Which BLAS library to choose?

Most Linux machines will come with either the 'reference' versions of BLAS/LAPACK or the openblas libaries. Avoid the 'reference' versions at all costs - it will work, but it will be much slower than an optimized library. Openblas has quite good single-thread performance, but the multi-thread performance is generally very bad - for the toolkit, it will often be slower to run with >1 thread than for single thread! So we recommend setting the environment variable OPENBLAS_NUM_THREADS=1 when using openblas.
On recent Intel CPU's, the AVX-512 instruction set makes a big improvement to floating-point performance, typically a factor 2 or more compared with older CPUs. MKL and Openblas take advantage of this instruction set.
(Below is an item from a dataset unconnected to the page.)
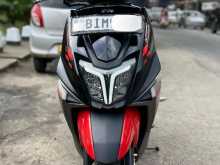 TVS Racing Edition 2019 Motorbike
AMD doesn't implement the AVX-512 instructions, although in most other respects the new Ryzen architecture is faster than the current Intel offerings (as of late 2017).
For Intel machines, use either openblas or MKL. Depending on the workload, MKL can give quite good multi-thread performance.
For AMD machines, we recommend the BLIS library (replaces BLAS) and FLAME (replaces LAPACK) as higher performance libraries (about 60% faster than openblas, in some benchmark tests). These libraries need to be installed from the github source; as far as I know there are no pre-built packages available for linux distributions.